BEGIN SUPPLIED MATERIAL

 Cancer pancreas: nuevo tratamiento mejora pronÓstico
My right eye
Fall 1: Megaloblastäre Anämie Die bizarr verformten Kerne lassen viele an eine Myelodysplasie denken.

END SUPPLIED MATERIAL
BEGIN SUPPLIED MATERIAL

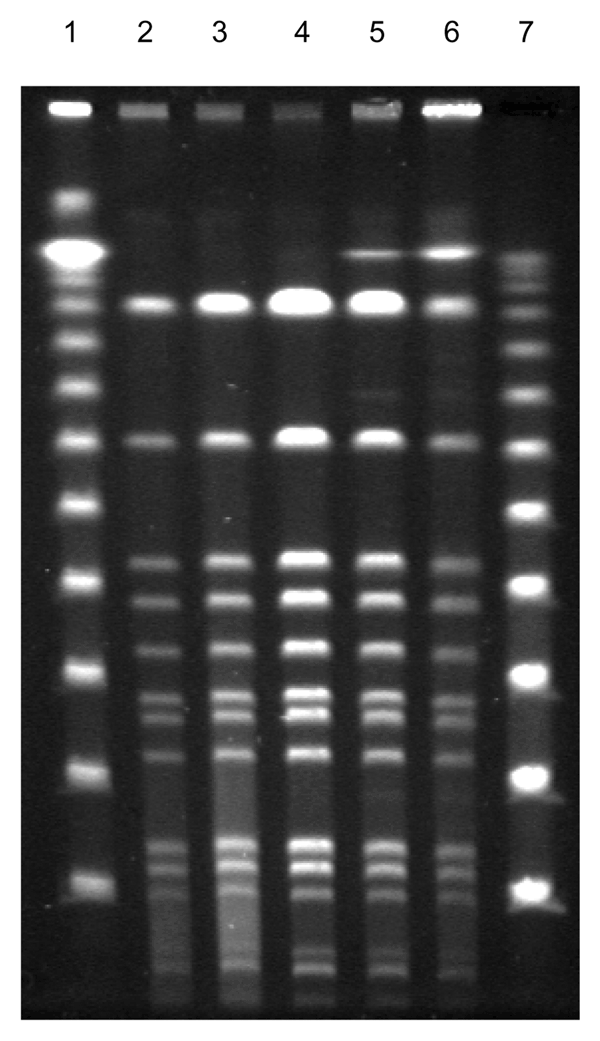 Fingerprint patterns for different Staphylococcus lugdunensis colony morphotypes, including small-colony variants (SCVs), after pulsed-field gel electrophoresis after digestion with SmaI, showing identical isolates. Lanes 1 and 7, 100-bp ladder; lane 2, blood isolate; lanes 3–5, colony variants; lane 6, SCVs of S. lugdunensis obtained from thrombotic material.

END SUPPLIED MATERIAL

▸ ABOUT THIS EXERCISE
With the line holding "Cancer pancreas: nuevo" as the first and the line holding "Fall 1: Megaloblastäre" as the last, set down that range of the entries above exactly, and nothing else.

▸ OUTPUT BELOW
 Cancer pancreas: nuevo tratamiento mejora pronÓstico
My right eye
Fall 1: Megaloblastäre Anämie Die bizarr verformten Kerne lassen viele an eine Myelodysplasie denken.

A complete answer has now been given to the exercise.